Ainda agora, entretanto, Senhor Presidente, não escondo a Vossa

Excelência a minha apreensão e a insatisfação do povo brasileiro pelo modo por que foi pleiteada e alcançada a decisão do Conselho da OEA, sem que tivesse preliminarmente realizado, ou pelo menos deliberado, uma investigação in loco, e sem que se tivesse tentado através de uma negociação, como a que propusemos em fevereiro do corrente ano, o desarmamento de Cuba com a garantia recíproca de não invasão.

Receio que nos tenhamos abeirado sem, antes, esgotar todos os recursos para evitá-lo, de um risco que o povo brasileiro teme tanto como o norte-americano: o da guerra nuclear. E é na atuação de Vossa Excelência, no seu espírito declaradamente pacifista, que depositamos a esperança de que não sejam usadas contra Cuba medidas militares capazes de agravar o risco já desmedido da presente situação. Para tudo que possa significar esforço de preservação da paz, sem quebra do respeito à soberania dos povos, pode Vossa Excelência contar com a colaboração sincera do governo e do povo do Brasil.

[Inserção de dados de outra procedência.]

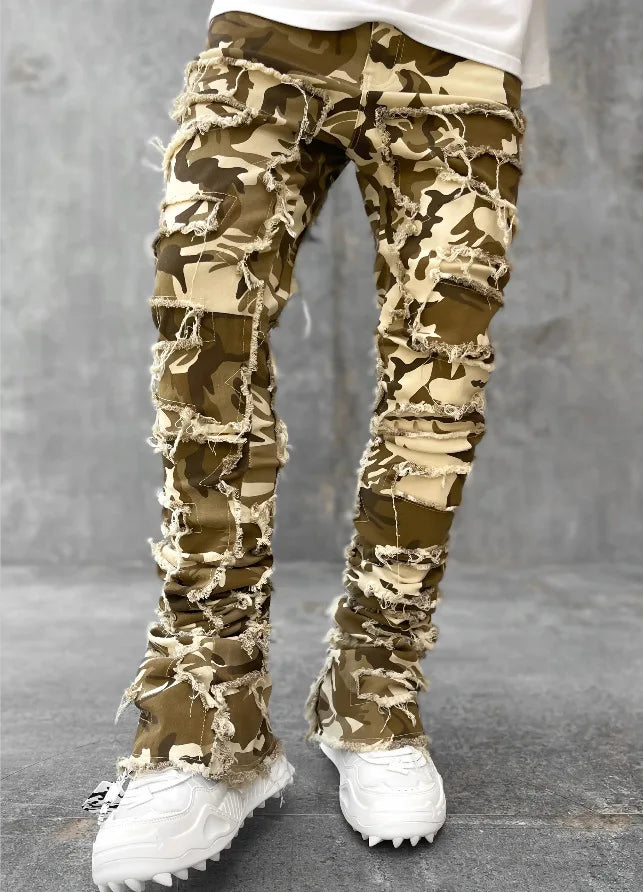 Ripped Stacked Streetwear Jeans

Não quero encerrar, porém, esta carta, Senhor Presidente, sem acrescentar às considerações nela feitas a expressão de meus receios sobreo futuro imediato da OEA. Nos últimos tempos, observo que as suas decisões vêm perdendo autoridade à medida que se afastam da correta aplicação das suas próprias normas estatutárias, e que são tomadas por maioria numérica com injustificável precipitação. A isso cabe acrescentar a tendência para transformar a Organização num bloco ideológico intransigente, em que, entretanto, encontram o tratamento mais benigno os regimes de exceção de caráter reacionário.

Permito-me pedir a atenção de Vossa Excelência para a violação do art. 2o. da Carta de Bogotá, que se está correndo o risco de cometer para evitar a adesão de novos Estados por motivo de ordem ideológica. Permito-me ainda recordar a aplicação imprópria da Resolução II de Punta del Este sobre vigilância e defesa social, que não autoriza a organização encomendar investigações sobre a situação interna de nenhum país, para evitar que se firam os melindres de Estados soberanos, e que agora se pretende abusivamente invocar justamente para a execução de uma investigação dessa natureza. A esses casos acrescento o da criação do Colégio Interamericano de Defesa.

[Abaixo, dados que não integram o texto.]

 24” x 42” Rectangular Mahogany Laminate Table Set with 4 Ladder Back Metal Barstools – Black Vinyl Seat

Este órgão não pode merecer senão a nossa simpatia e cooperação, desde que se limite a apreciar problemas técnicos e de segurança externa, mas seus efeitos podem ser negativos se, a título de problemas de segurança interna, passar ele a estudar questões da competência privativa dos Estados sobre as quais convém que os militares recebam uma formação e orientação puramente nacionais.

Estou certo de que Vossa Excelência compreenderá as razões de minha apreensão. O Brasil é um país democrático, em que o povo e governo condenam e repelem o comunismo internacional, mas onde se fazem sentir ainda perigosas pressões reacionárias, que procuram, sob o disfarce do anticomunismo, defender posições sociais e privilégios econômicos, contrariando, desse modo, o próprio processo democrático de nossa evolução. Acredito que o mesmo se passa em outros países latino-americanos.

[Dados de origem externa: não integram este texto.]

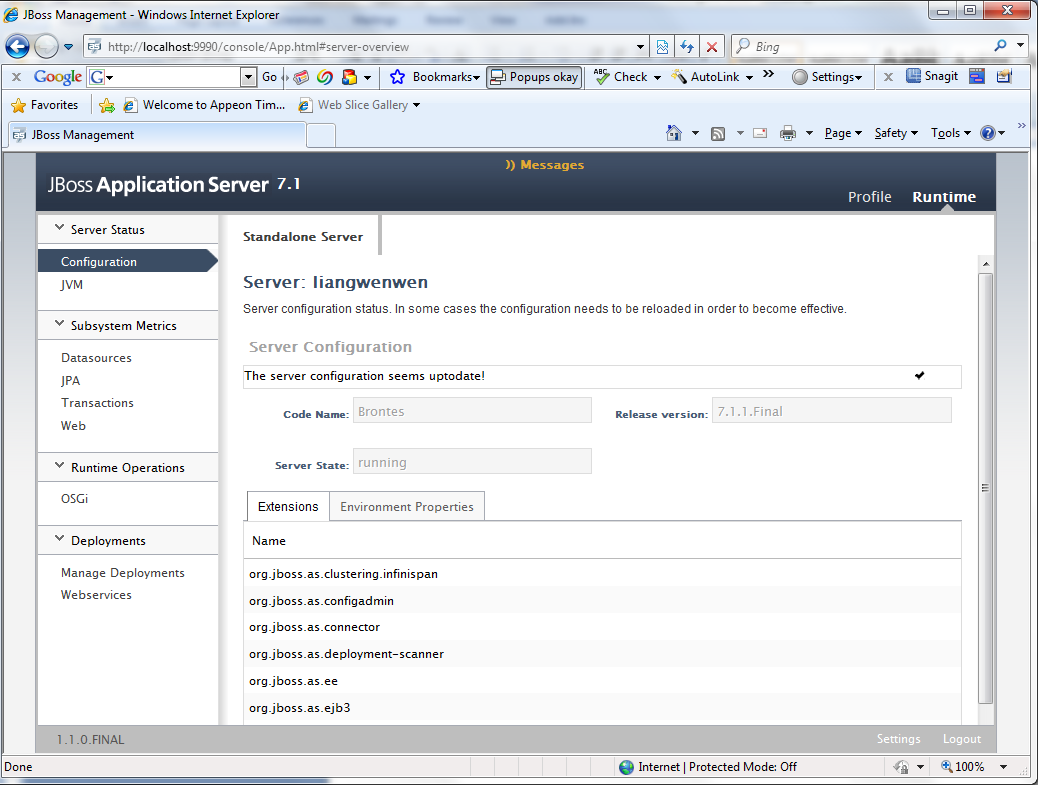 Datasources Configuration page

E nada seria mais perigoso ver-se a OEA ser transformada em sua índole e no papel que até aqui desempenhou, para passar a servir a fins ao mesmo tempo anticomunistas e antidemocráticos, divorciando-se da opinião pública latino-americana.

Veja Vossa Excelência, Senhor Presidente, nestas considerações, que pretendia desenvolver pessoalmente, ao grato ensejo de sua visita ao Brasil, uma expressão do propósito de melhor esclarecimento mútuo sobre as aspirações e as diretrizes do povo brasileiro.

Renovo a Vossa Excelência a certeza de minha melhor estima e apreço.